About this task. Restate word for word the lines below that run from the one holding "Hermes Size 36" through the one holding "bake a peach crumble to celebrate summer", inclusive. Pictures don't belong in the copy.

Task material.
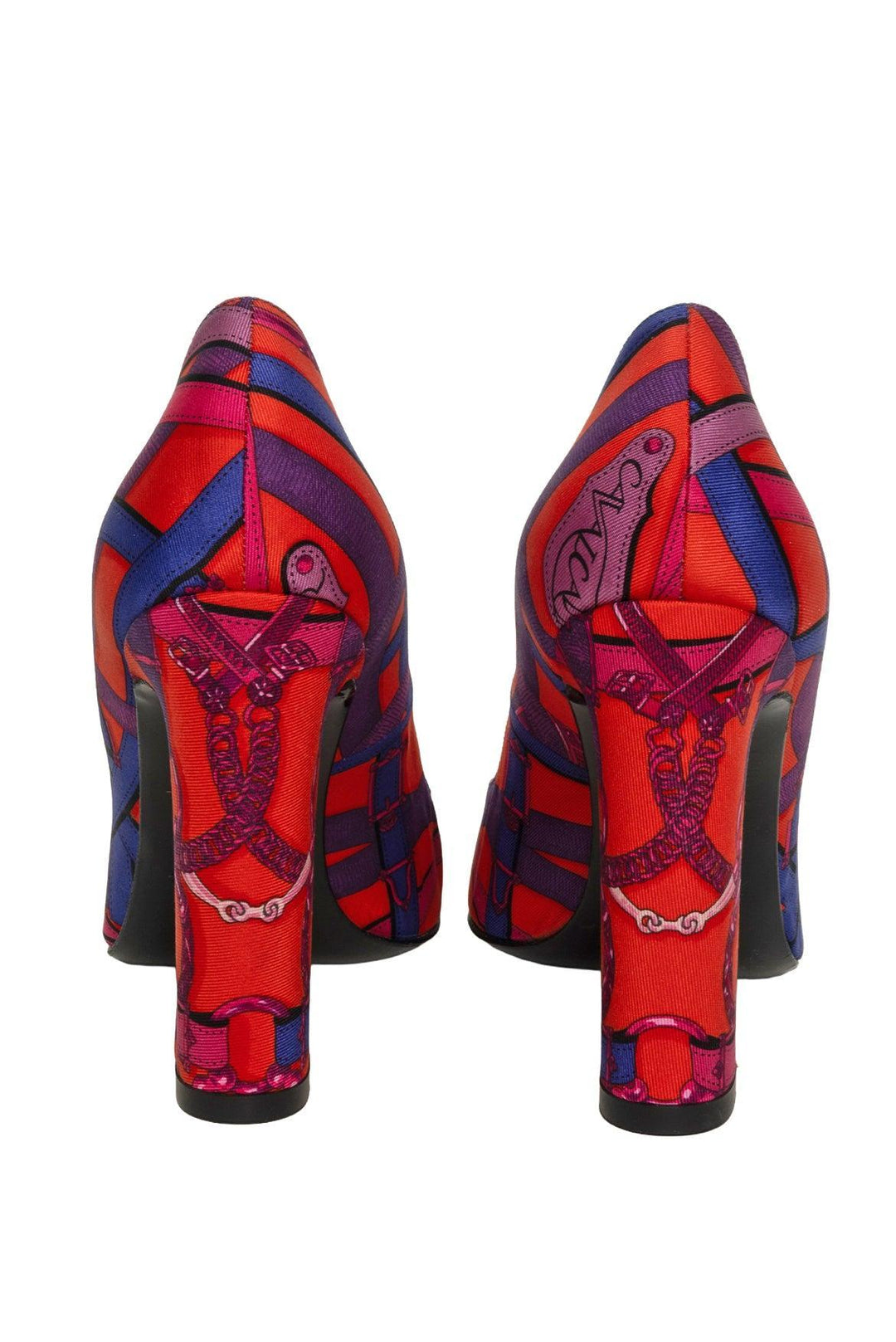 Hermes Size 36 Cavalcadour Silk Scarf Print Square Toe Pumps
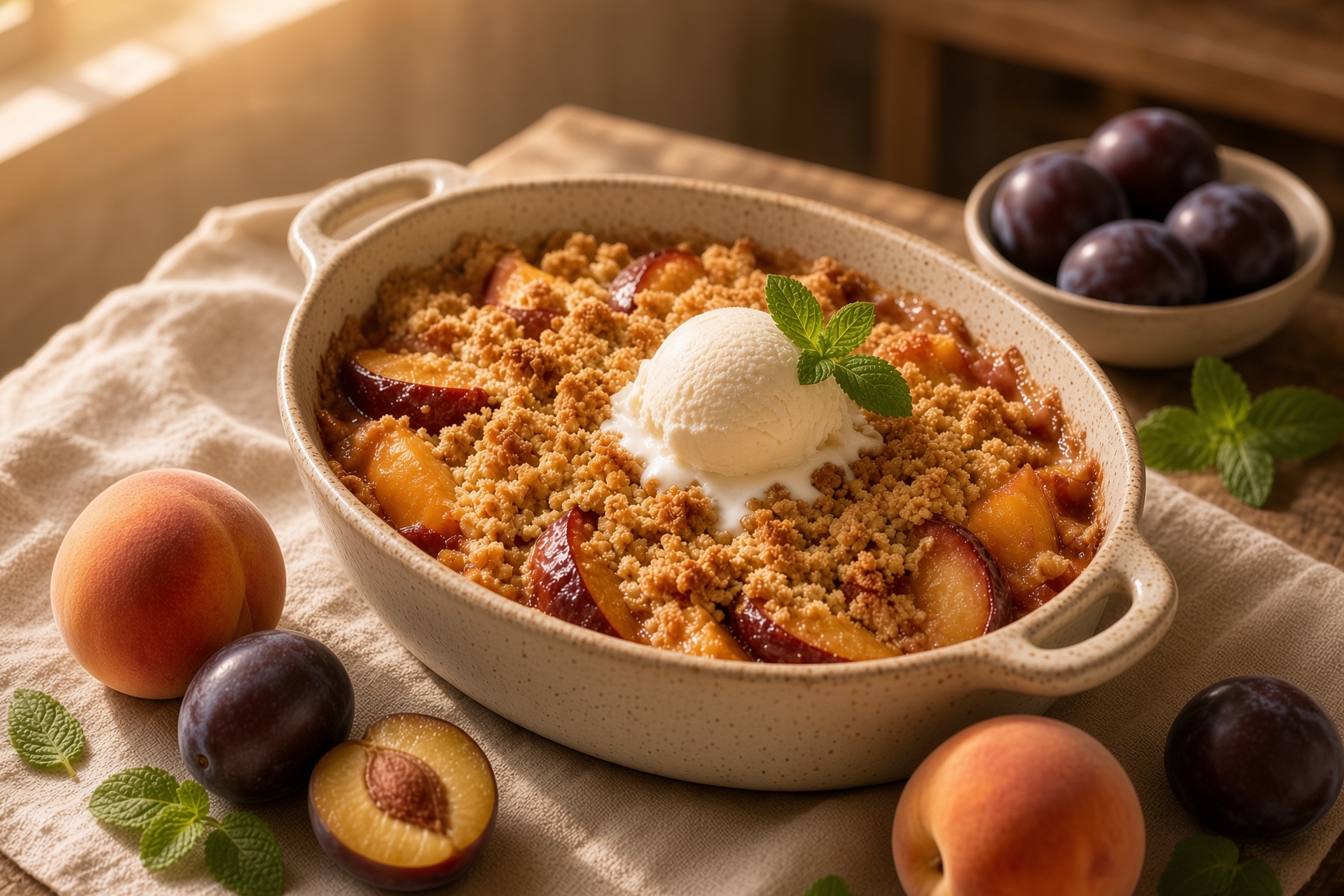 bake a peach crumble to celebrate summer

* * *

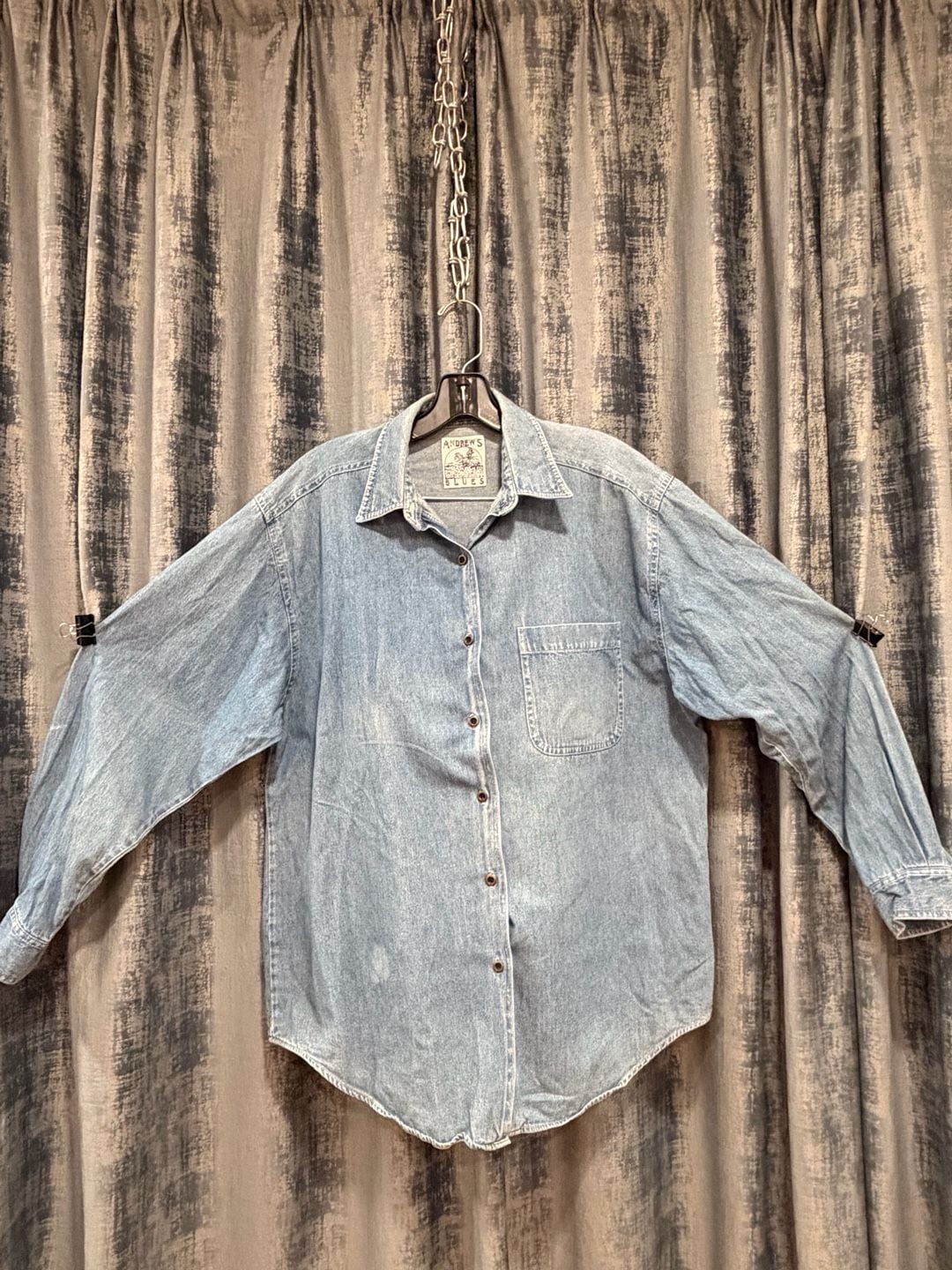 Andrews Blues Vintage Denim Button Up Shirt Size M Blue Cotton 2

Written reply.
 Hermes Size 36 Cavalcadour Silk Scarf Print Square Toe Pumps
 bake a peach crumble to celebrate summer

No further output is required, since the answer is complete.